Multigrid solver based on Julia CUDA (2D Poisson problem demo)
Currently it only supports solution grids with side lengths (2^n)-1, e.g. 1023x1023, 2047x2047. It can be extended to support all grid sizes by replacing the restriction and prolongation functions.
Notes on improvement:
-
Make use of shared memory
-
Small grids (smaller than 512x512 or 1024x1024) can be solved in a single block without much difficulty, it reduces the time for CPU-GPU synchronization
-
Very coarse grids (e.g. 4x4) can be solved directly, instead of having to "recurse" until 1x1 grid
-
Reduce CPU-GPU synchronization in Red-black Gauss Seidel step, or simply replace it with another smoother
Performance:
As expected for a correct implementation, the time for moderate grid sizes (511x511 to 2047x2047) increases linearly. However, the time jumps significantly as the grid size reaches 4095x4095.
Using norm instead of findmax for error calculation may improve performance. The implementations of these functions in the Julia GPU library are being updated from time to time.
In preliminary trials on K80, this program outperforms both a CUDA/C equivalent (mentioned next section) and NVIDIA's AMGX. The results are very (way too) surprising and are indicated at the bottom of this README. Nonetheless both the Julia and CUDA program are exponentially faster than AMGX due to different asymptotic time curves (linear vs exponential).
Notes on CUDA/C predecessor:
This program was migrated from a CUDA/C program that I wrote in 2018. The CUDA/C program makes use of a single block to solve problems up to 1024x1024 in size. It was very performant, faster than a Conjugate Gradient program using CuBLAS and CuSparse, and much faster than the AMGX library (about 19.3x faster).
Optimizations used by both programs include:
-
Elimination of recursion, though the effect on the Julia program should be limited because the recursion is performed on the CPU
-
Reusing memory, some memory spaces for the V-cycle can be reused in different stages, it saves about 50% in memory compared to allocating a space for each array in the V-cycle algorithm
Preliminary results:
On a K80, the time reported to solve a 1023x1023 2D Poisson problem was 0.07s.

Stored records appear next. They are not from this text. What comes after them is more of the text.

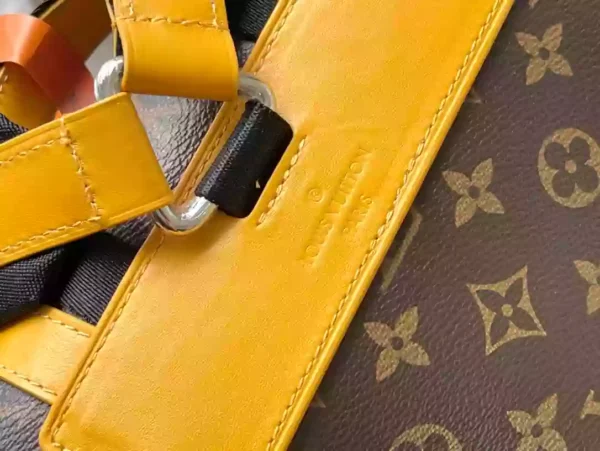 Christopher MM Backpack in Saffron Yellow Monogram Macassar Coated Canvas - LW156 - Image 10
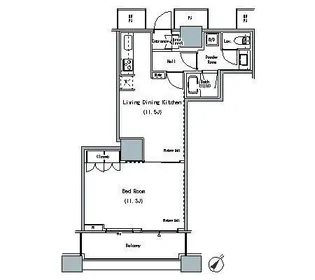 東京都中央区勝どき6【マンション】の間取り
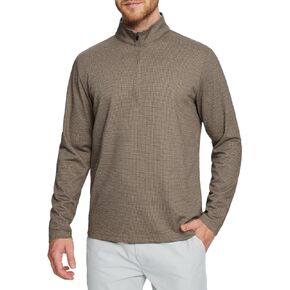Rouen Quarter Zip Pullover Men Performance Dry Fit Athletic Casual Golf Mock Neck Long Sleeve Pullover Half Zip Sweatshirt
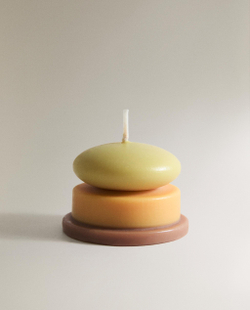 Zara Home Набор ароматических свечей (Vetiver Mango), растительный воск, 4 шт, подарочный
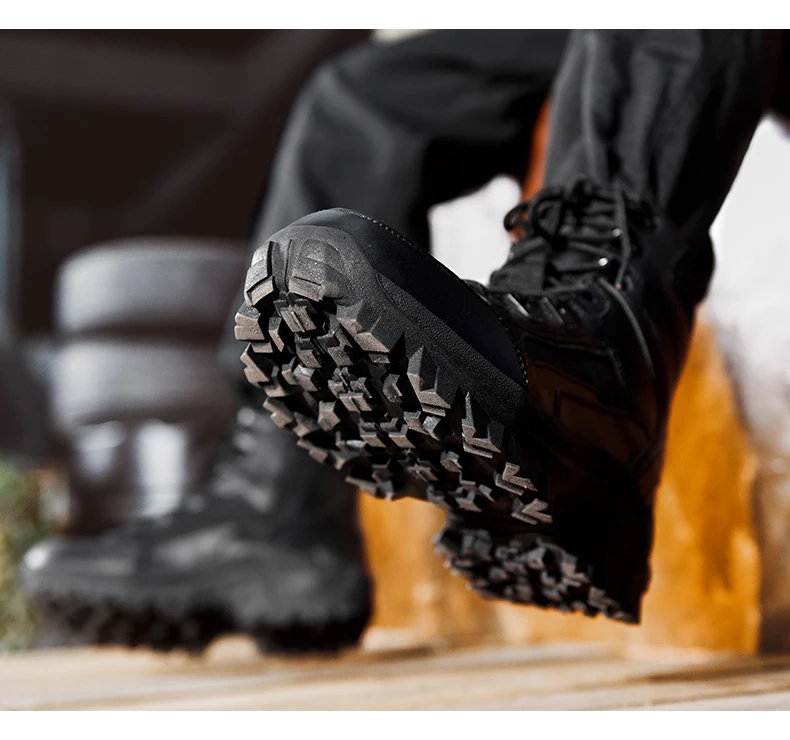 Neue männer Stiefel Taktische Schuhe Outdoor Turnschuhe Wanderschuhe Bergsteigen Walking Jogging Stiefeletten Botas Cuturno Masculinas – Detail 10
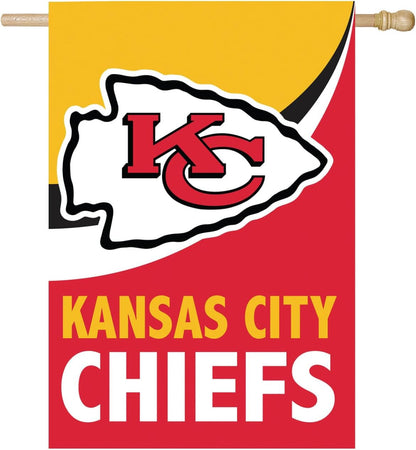 Kansas City Chiefss Flag NFL KC Chiefs Garden Banner Flags -100% polyester 12x18 inches / 28x40 inch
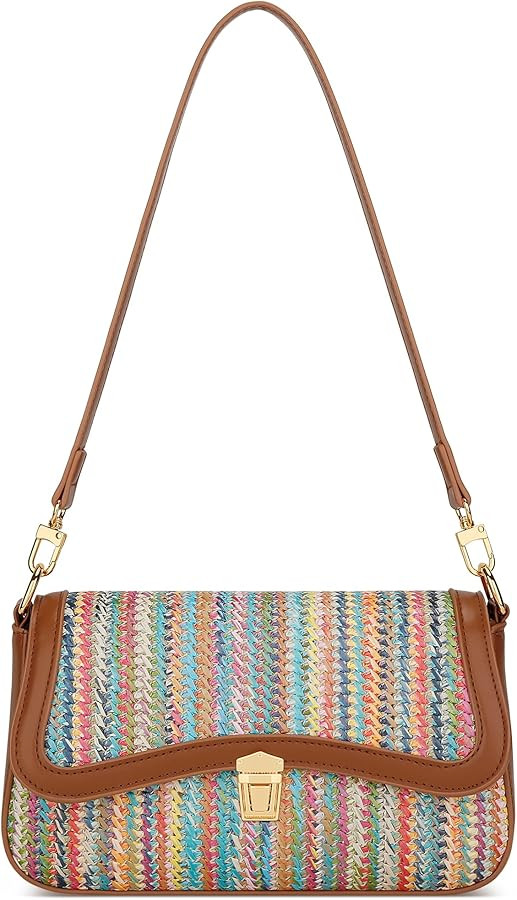 KKXIU Small Shoulder Bag for Women Cute Purses Mini Hobo Handbag Trendy Clutch Purse | Amazon (US)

By comparing benchmarks on K80, it is expected to be 363 times faster than NVIDIA's AMGX on moderate grid sizes, and approximately 19 times faster than the CUDA equivalent. These results shall be further verified and the cause of any difference in performance between the Julia and CUDA program shall be investigated. However, it should be emphasized that Julia, despite being a higher-level, GC language, can run faster than CUDA https://devblogs.nvidia.com/gpu-computing-julia-programming-language/.